External Advisory Visit Enhances NIGMS Sponsored Behavioral and Biomedical (BBS) Sciences T32 Program
The WVU Behavioral and Biomedical Sciences (BBS) T32 program directors, Drs. Albert Berrebi, Kevin Larkin and Zachary Weil, hosted a program external advisory visit on July 18th. The advisory team consisted of Dr. Daniel Tranel from the University of Iowa Carver College of Medicine and Dr. Julie Fiez from the University of Pittsburgh. Drs. Tranel and Fiez are both highly accomplished researchers and mentors, and they each oversee predoctoral NIGMS Interface training programs at their own institutions.

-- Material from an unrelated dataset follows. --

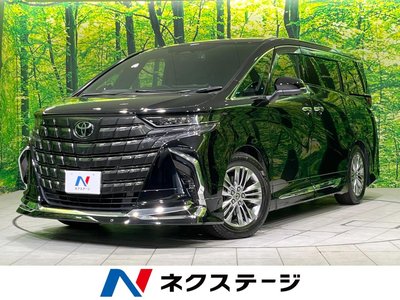 2024 Toyota ALPHARD photo 1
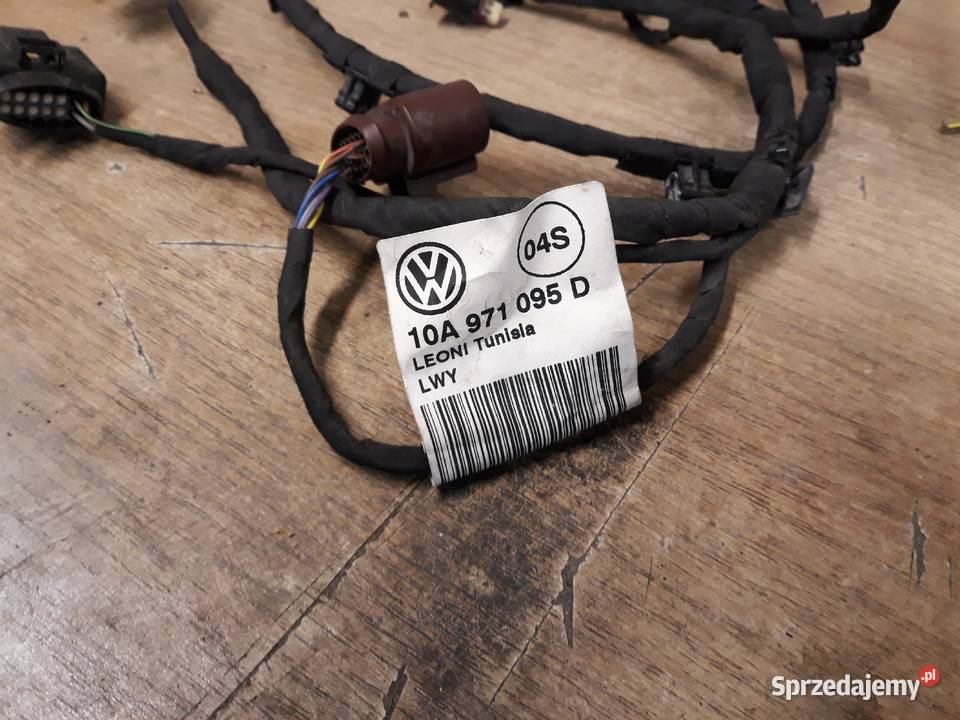VW ID3 WIĄZKA INSTALACJA CZUJNIKÓW 4X PDC PRZÓD Międzychód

Throughout the day, Tranel and Fiez met with current and former BBS trainees and preceptors from across the campus, as well as HSC Graduate Education leadership. These interactions provided an exceptional opportunity for knowledge exchange, networking, and strengthening the collaborative spirit amongst all participants. Moving forward, the T32 program plans to incorporate the feedback received during the visit to further enhance the training experience and career trajectory of aspiring behavioral and biomedical scientists.
Another part of the visit included informal career development talks geared to trainees. Dr. Tranel, who is a practicing neuropsychologist, spoke on "Balancing research, teaching, and clinical service." Drawing upon extensive experience as a researcher, educator, and clinician, he offered strategies for effectively navigating and harmonizing these varied demands of an academic career.

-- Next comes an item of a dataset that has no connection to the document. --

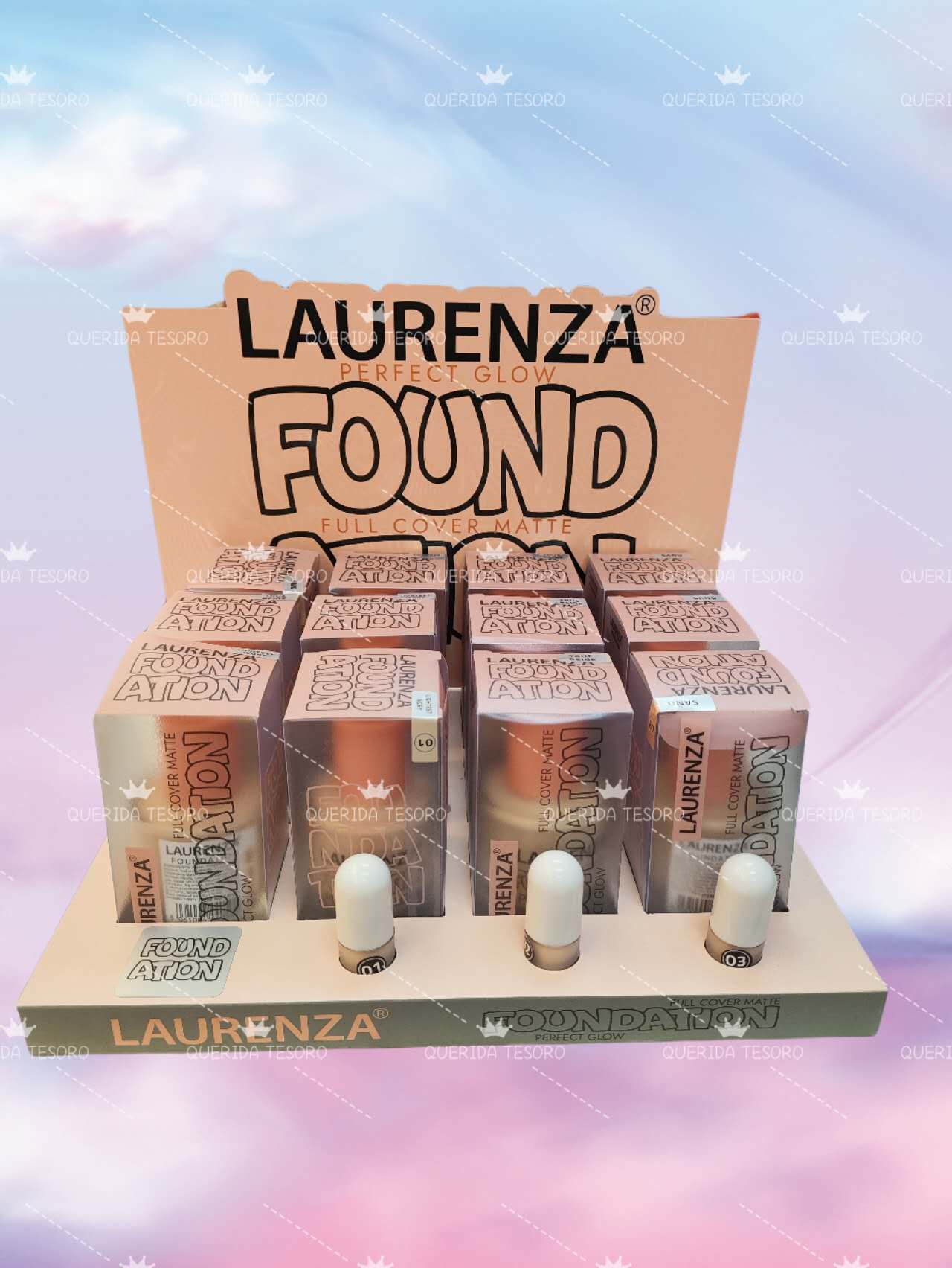 LAURENZA FOUNDATION LIQUID BASE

Dr. Fiez’s talk was titled "How to make the most of a T32 traineeship." She highlighted innovative components of the University of Pittsburgh Interface T32 and emphasized the significance of maximizing the opportunities afforded during a traineeship, including developing essential skills, establishing mentorship relationships, and leveraging available resources to foster professional growth.
The external advisory visit reflects the T32 program's dedication to fostering excellence in research training and professional development.

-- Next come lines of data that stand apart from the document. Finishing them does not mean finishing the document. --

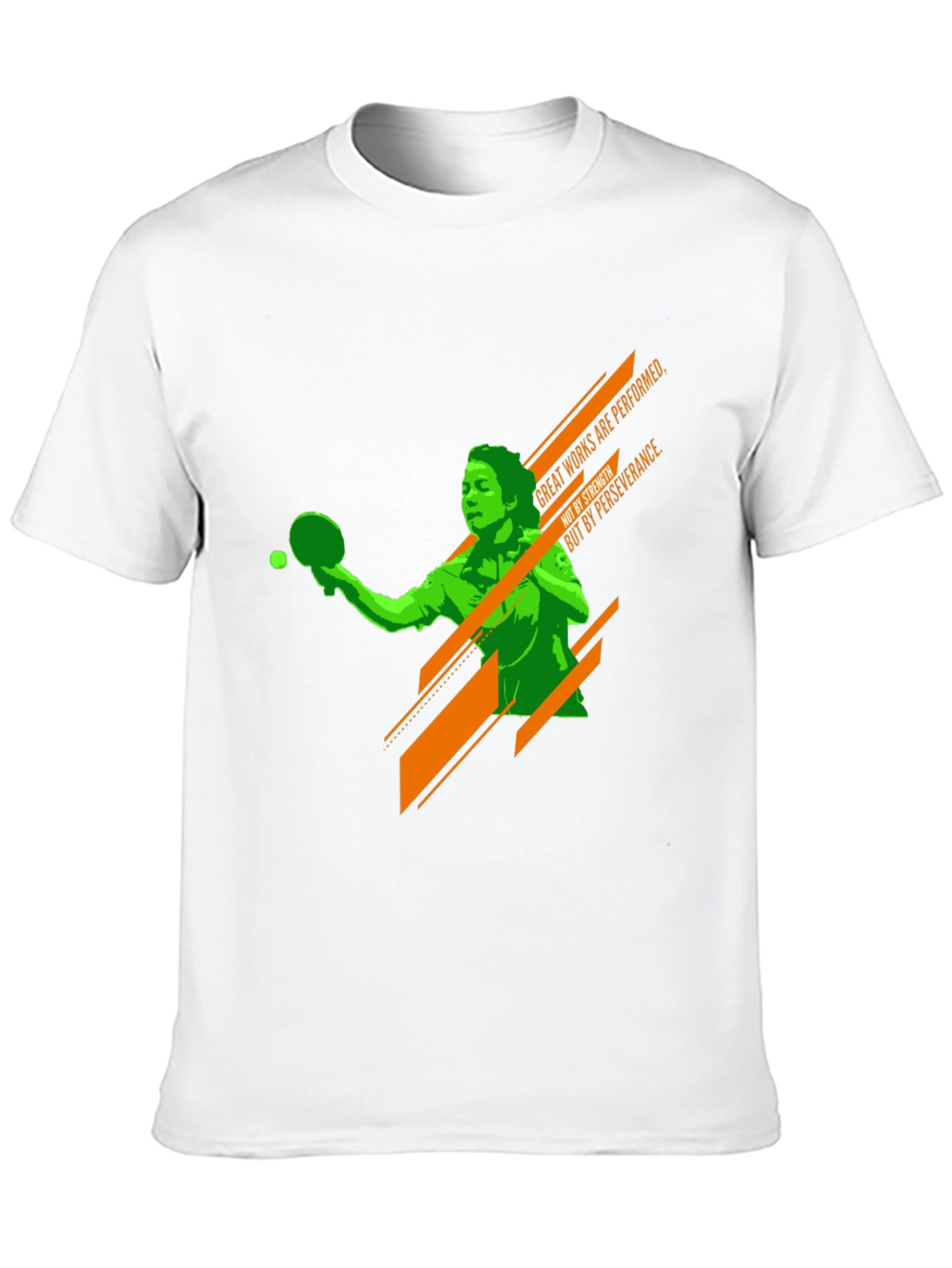 Ping Pong Perseverance Graphic T-Shirt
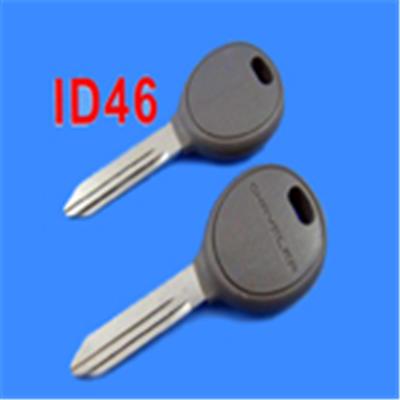 images of Chrysler Transponder Key ID46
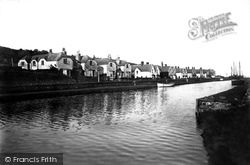 Canal Cottages 1890, Bude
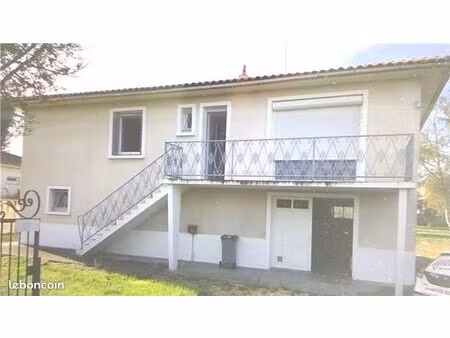 location maison 4 chambre - gensac la pallue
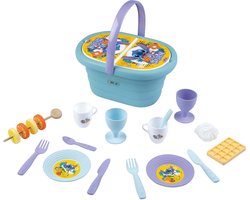 Smoby - Lilo & Stitch - Stitch Picknickmand met Accessoires - Vanaf 3 jaar.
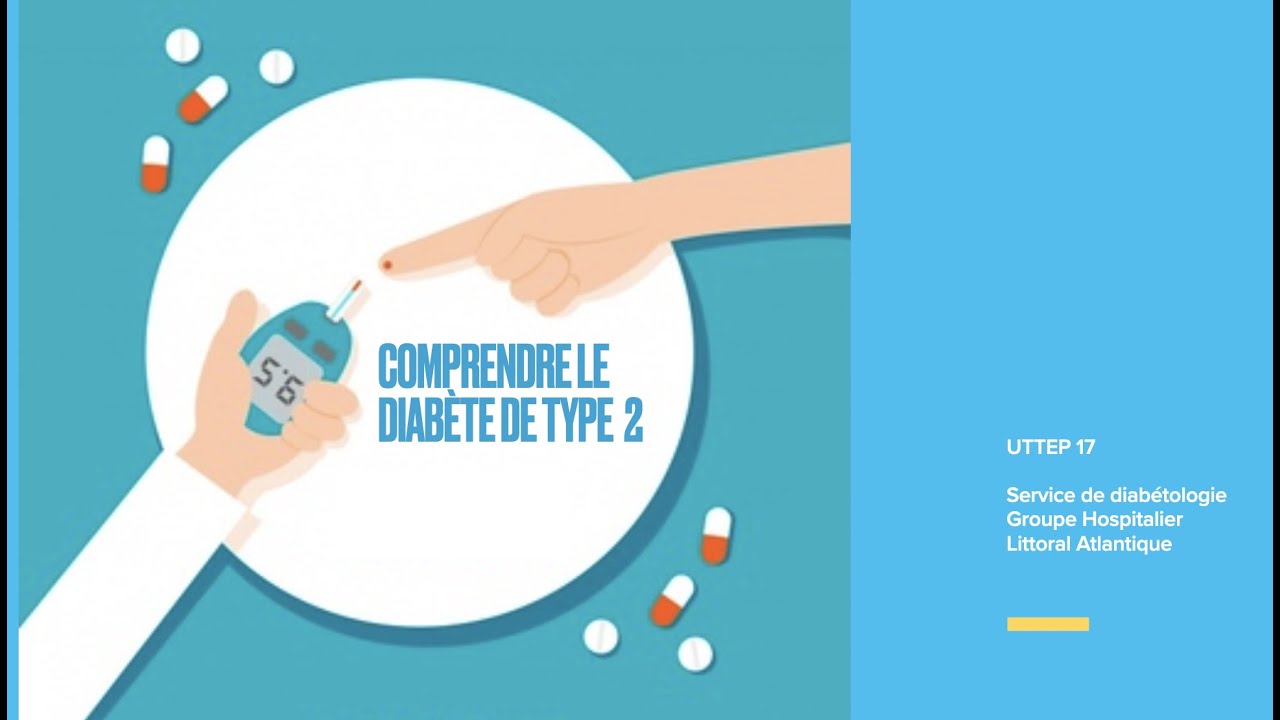Comprendre Le Diabète de type 2 YouTube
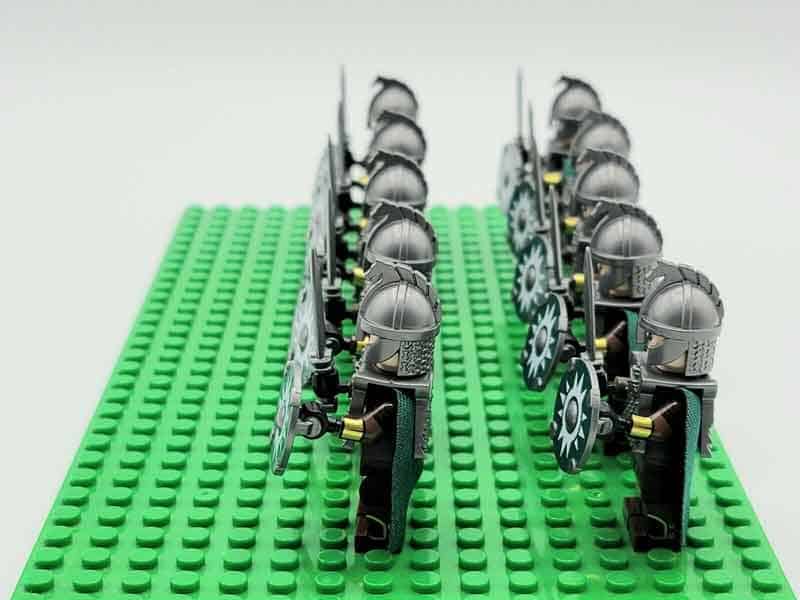 Lord Of The Rings Hobbit Rohan Royal Sword Army 22 Brick Figures King Theoden Free Horse Kids Toy Gift Lord Of The Rings Hobbit Rohan Royal Sword Army 22 Brick Figures King Theoden Free Horse Kids Toy Gift - Image 8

Behavioral & Biomedical Sciences and Cell & Molecular Biology and Biomedical Engineering T32's Team Up to Present Emily Calandrelli at Annual Symposium
The Behavorial & Biomedical Sciences and the Cell & Molecular Biology and Biomedical Engineering T32's recently hosted a joint symposium at the Erickson Alumni Center. The event's theme was communication of science and featured student poster presentations, professional development workshops, and panel discussions around the topic.
The keynote speaker was none other than WVU alumna and public figure, engineer Emily Calandrelli. Emily formerly worked for MIT, but now is the host and executive producer of Xploration Outer Space and Emily's Wonder Lab, a favorite among children.
Student Kathryn Blethen was on the planning committee for the event and was thrilled at the turnout and excited to discuss the topic. She said, 'The selected topic of "Science Communication: Effectively Communicating Research and Increasing Science Literacy' felt important post-pandemic due to the rapid spread of misinformation and the public distrust in scientists. It is our responsibility as scientists to improve accessibility and inclusivity because effective science communication benefits everyone. It was an honor to serve on the planning committee and moderate the fantastic discussion panel with Emily Calandrelli, Dr. Danielle Davidov, Dr. Catherine Gouge, and Dr. Dan Totzkay."
Single training programs often hold their own symposiums, but this broader topic in science was relatable at an interdisciplinary level. All of the T32 training programs will continue to host and partner on a variety of events that focus on training, professional development and and cross-disciplinary topics.
The BBS Training Program is supported by a National Institute of General Medical Sciences (NIGMS) sponsored predoctoral training grant (T32 GM132494).